*Instructions for the task:* Repeat the data that follows in full. Do not include the pictures.

*Entries provided:*
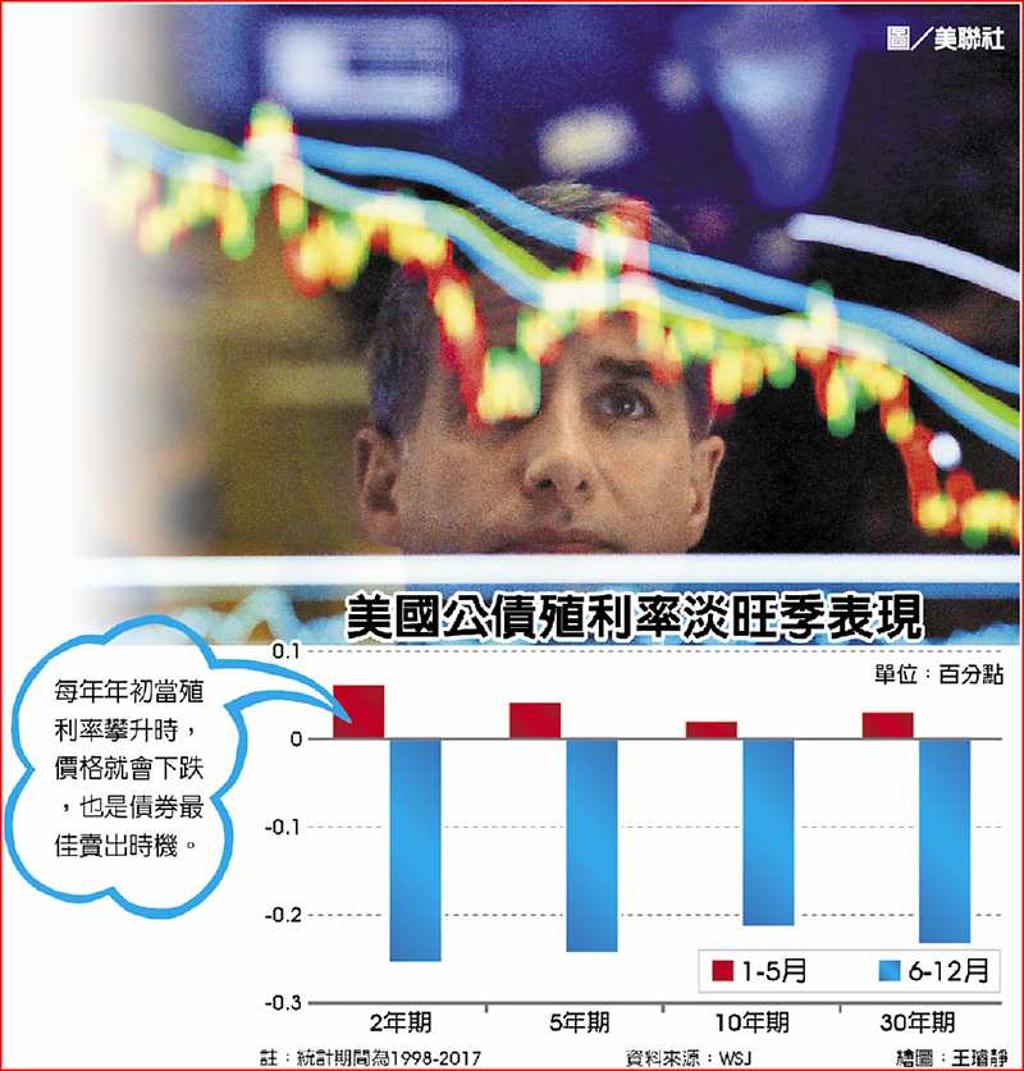 美債殖利率看升拋售時機點到- 日報- 工商時報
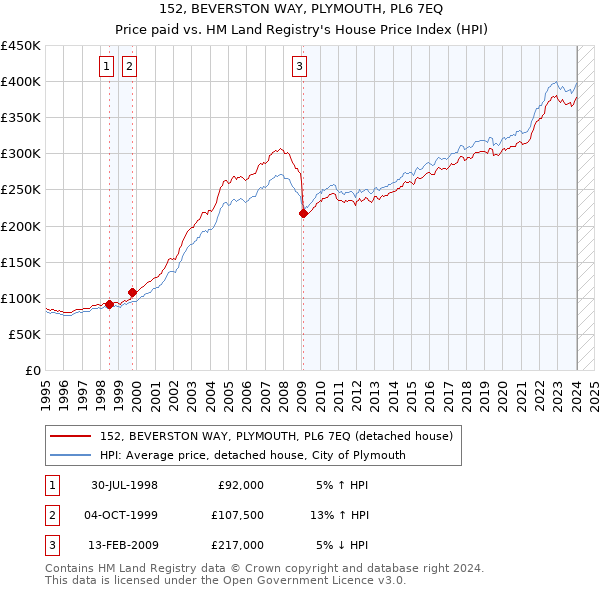 152, BEVERSTON WAY, PLYMOUTH, PL6 7EQ: Price paid vs HM Land Registry's House Price Index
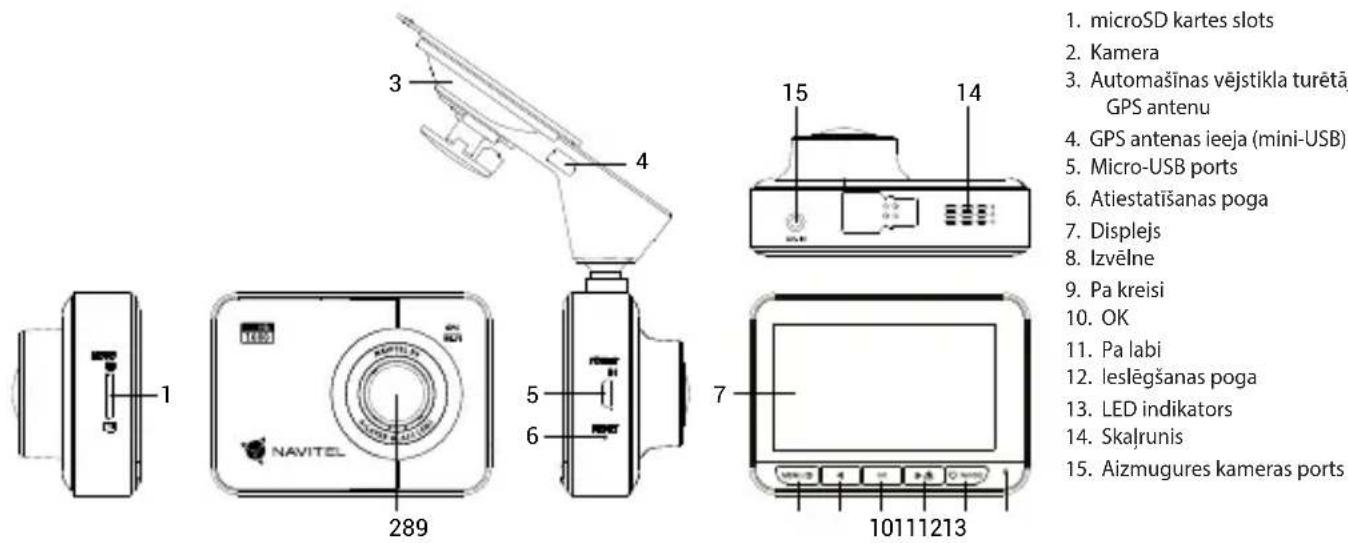 Navitel R9 - lerīces izkārtojums - 1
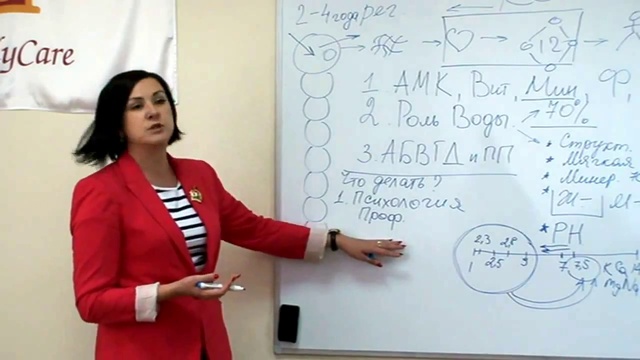 К З Н Бандурина 21мин (HD)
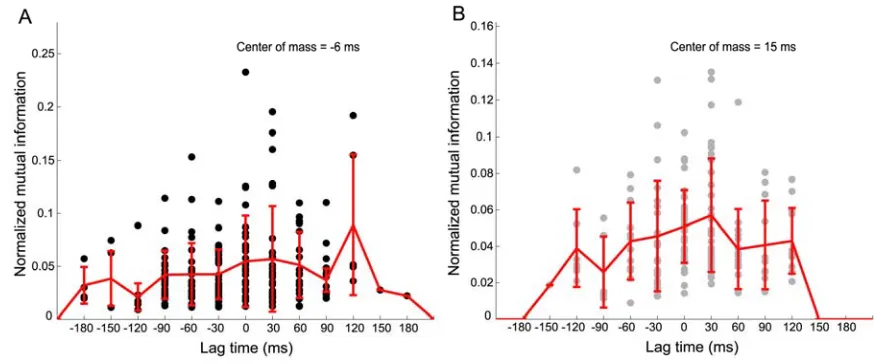 Figure S2-3. (A-B) Population summary of peak mutual information encoded at a neuron’s OLT for the 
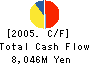 TOSHIBA CERAMICS CO., LTD. Cash Flow Statement 2005年3月期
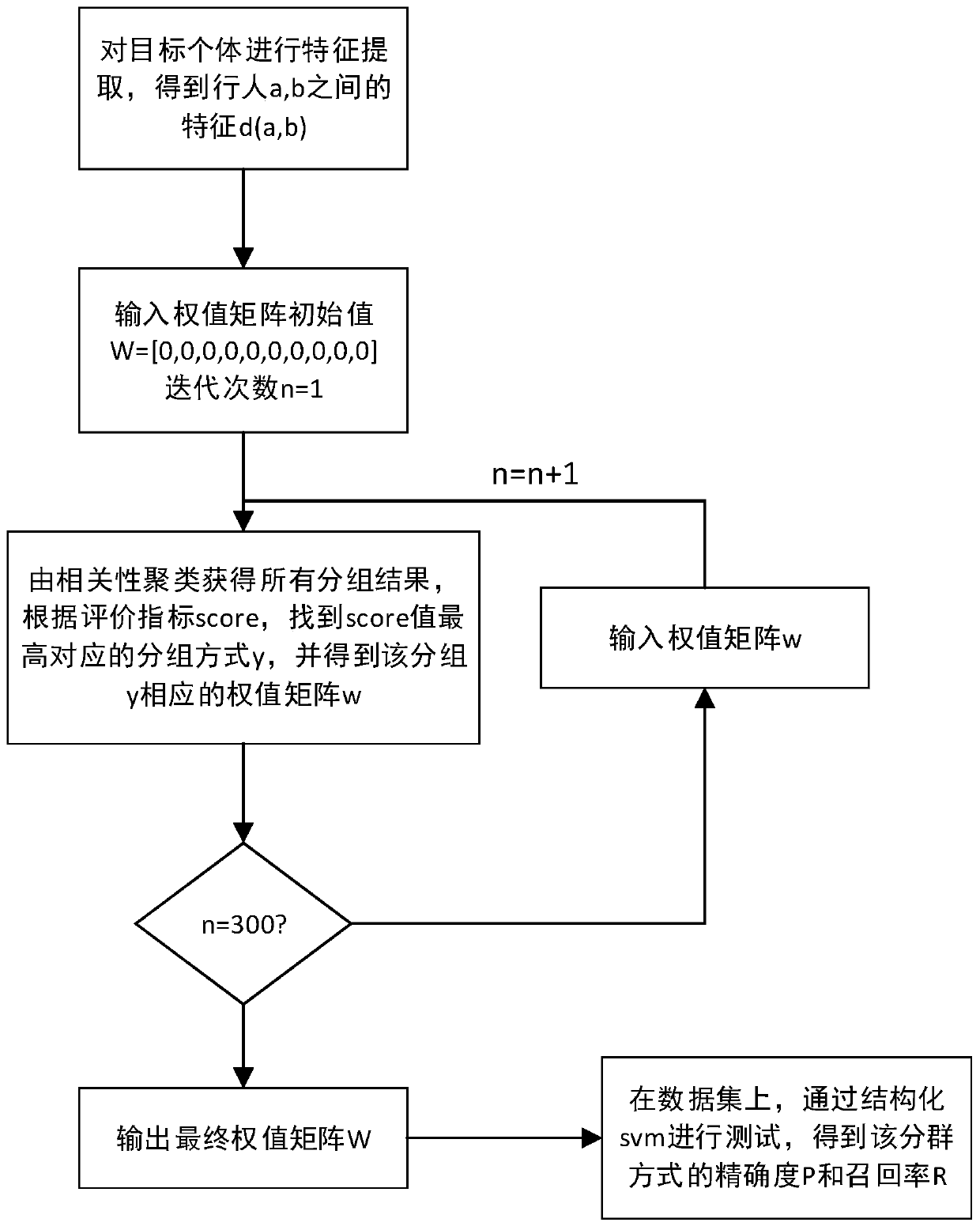 Multi-feature combined crowd grouping detection method in dense scene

*Response:*
 美債殖利率看升拋售時機點到- 日報- 工商時報
 152, BEVERSTON WAY, PLYMOUTH, PL6 7EQ: Price paid vs HM Land Registry's House Price Index
 Navitel R9 - lerīces izkārtojums - 1
 К З Н Бандурина 21мин (HD)
 Figure S2-3. (A-B) Population summary of peak mutual information encoded at a neuron’s OLT for the 
 TOSHIBA CERAMICS CO., LTD. Cash Flow Statement 2005年3月期
 Multi-feature combined crowd grouping detection method in dense scene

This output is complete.